→ Stored data:
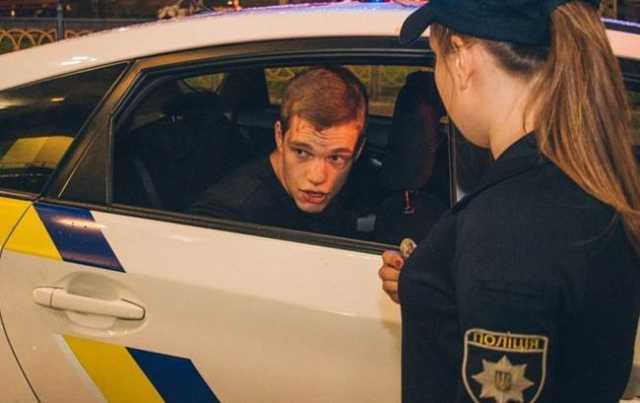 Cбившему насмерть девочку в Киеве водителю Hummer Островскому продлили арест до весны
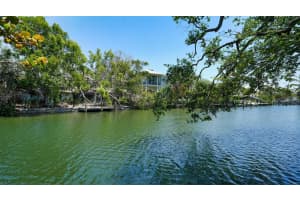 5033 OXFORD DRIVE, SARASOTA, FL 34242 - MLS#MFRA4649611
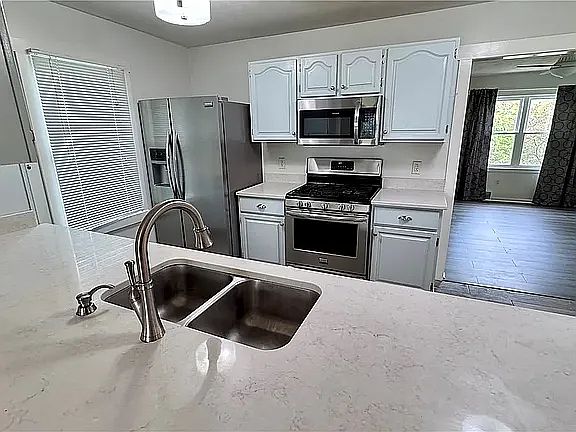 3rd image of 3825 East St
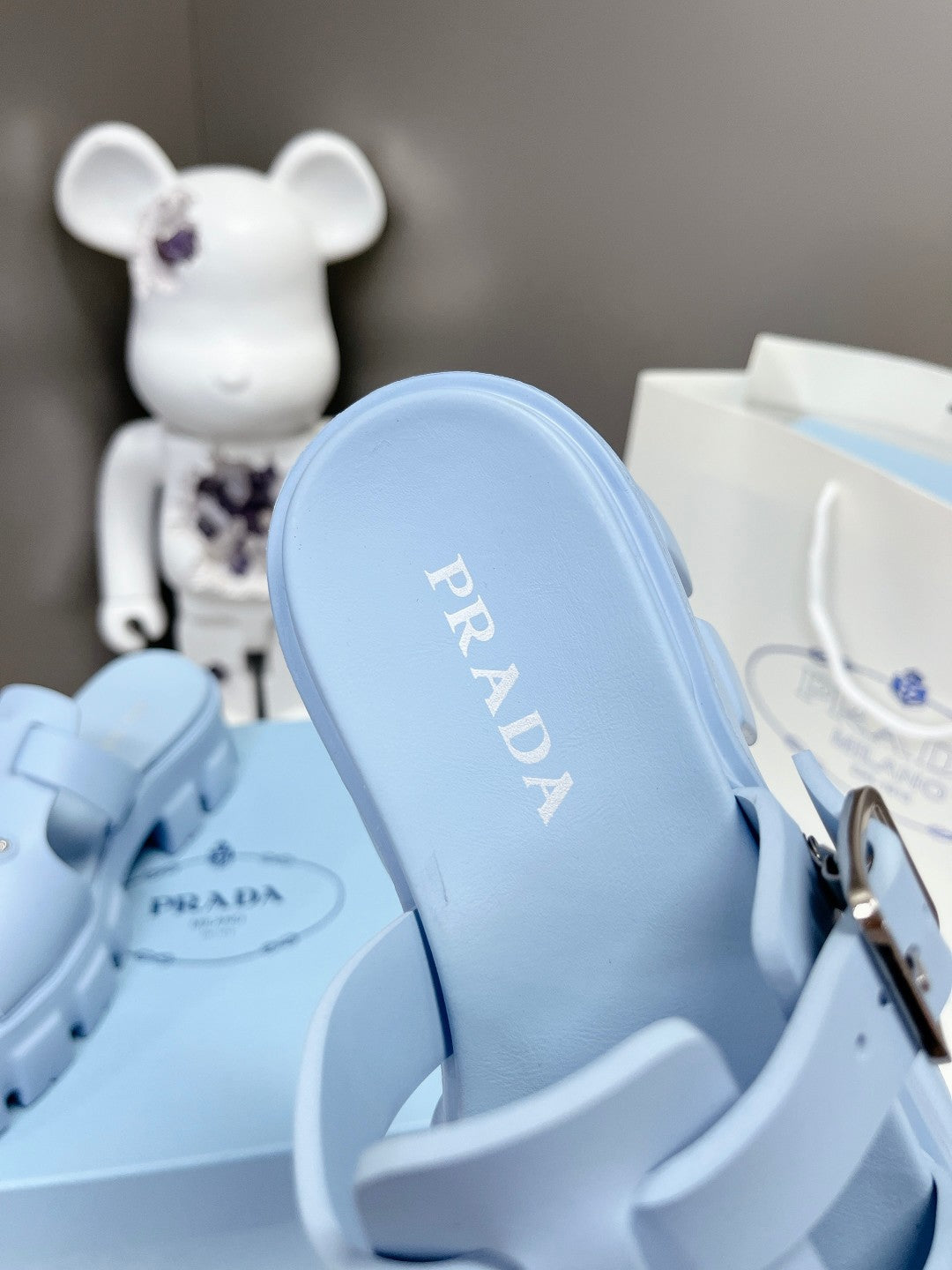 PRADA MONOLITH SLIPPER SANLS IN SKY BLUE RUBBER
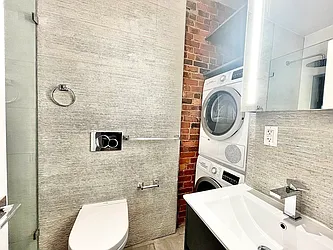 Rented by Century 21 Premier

* * *

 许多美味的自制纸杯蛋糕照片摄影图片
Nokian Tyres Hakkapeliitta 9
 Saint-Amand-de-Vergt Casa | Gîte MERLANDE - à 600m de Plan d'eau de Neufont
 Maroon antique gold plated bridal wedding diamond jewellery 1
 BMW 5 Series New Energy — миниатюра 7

→ TASK DESCRIPTION: The reply should hold the entries above from the line with "Cбившему насмерть девочку" to the line with "Rented by Century 21 Premier", duplicated exactly, pictures excluded.

→ OUTPUT:
 Cбившему насмерть девочку в Киеве водителю Hummer Островскому продлили арест до весны
 5033 OXFORD DRIVE, SARASOTA, FL 34242 - MLS#MFRA4649611
 3rd image of 3825 East St
 PRADA MONOLITH SLIPPER SANLS IN SKY BLUE RUBBER
 Rented by Century 21 Premier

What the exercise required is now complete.